# Train Character Language Model
Language Models are used for the following tasks:
* Check the probability of a sentence to be part of some specific language
* Generate Words/Characters given a sentence
On this notebook we will train a Neural Character Language model based on GRUs.
![Input Output](docs/imgs/char_lang_model.png "Title")

#### Character Generation
One way to generate data is to input a character, then sample the output of the RNN and feed this result back to the RNN
![Generation](docs/imgs/char_lang_model_gen.png "Title")

#### Evaluation Metrics
Character Language models are evaluated with Character Error Rate metric, that can be calculated by doing the exp of the cross entropy loss

#### Training
During training we use "masked cross entropy" to ignore pad values and the "plateau" learning rate scheduler that drop the learning rate if the loss functions doesnt drop for few epochs (patience).

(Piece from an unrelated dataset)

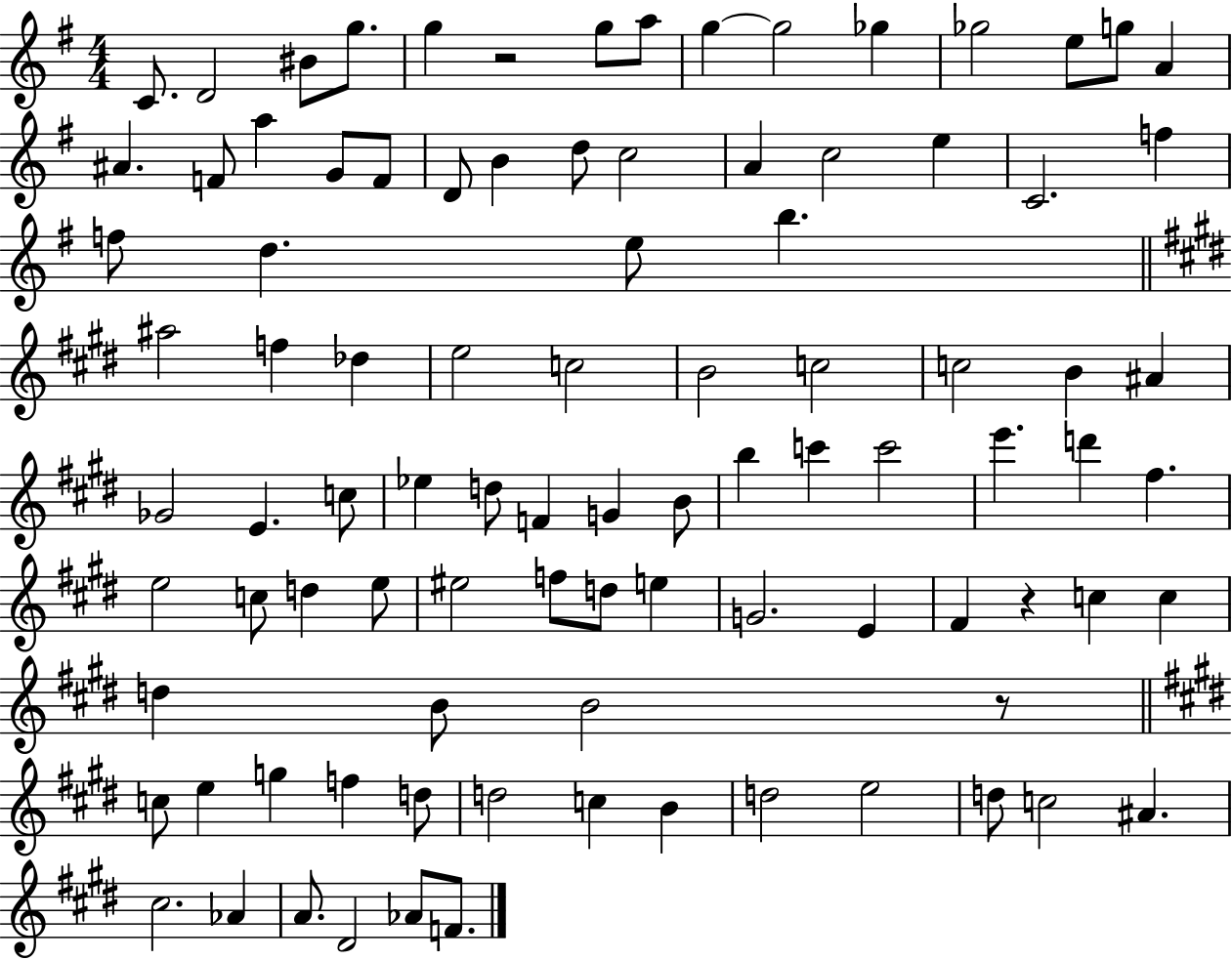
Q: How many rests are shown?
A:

![Loss](docs/imgs/loss_plateau_scheduler.png "Title")

#### Datasets
* https://blog.einstein.ai/the-wikitext-long-term-dependency-language-modeling-dataset/

#### References:
* https://en.wikipedia.org/wiki/Language_model
* https://github.com/furkanu/deeplearning.ai-pytorch
* https://towardsdatascience.com/writing-like-shakespeare-with-machine-learning-in-pytorch-d77f851d910c
* https://pytorch.org/tutorials/intermediate/char_rnn_generation_tutorial.html
* https://web.stanford.edu/class/cs124/lec/languagemodeling.pdf

In [1]:
import numpy as np
import os

import torch
import torch.nn as nn
from torch import optim
from torch.utils.tensorboard import SummaryWriter
import torch.utils.data as utils
from torch.optim import lr_scheduler

import utils_char_dataset
import utils_char_lm
import models
from char_LM_dataset import CharacterLanguageModelDataset

device = torch.device("cuda:0" if torch.cuda.is_available() else "cpu")
#device = 'cpu'
print('Device:', device)
num_gpu = torch.cuda.device_count()
num_gpu = 1
print('Number of GPUs Available:', num_gpu)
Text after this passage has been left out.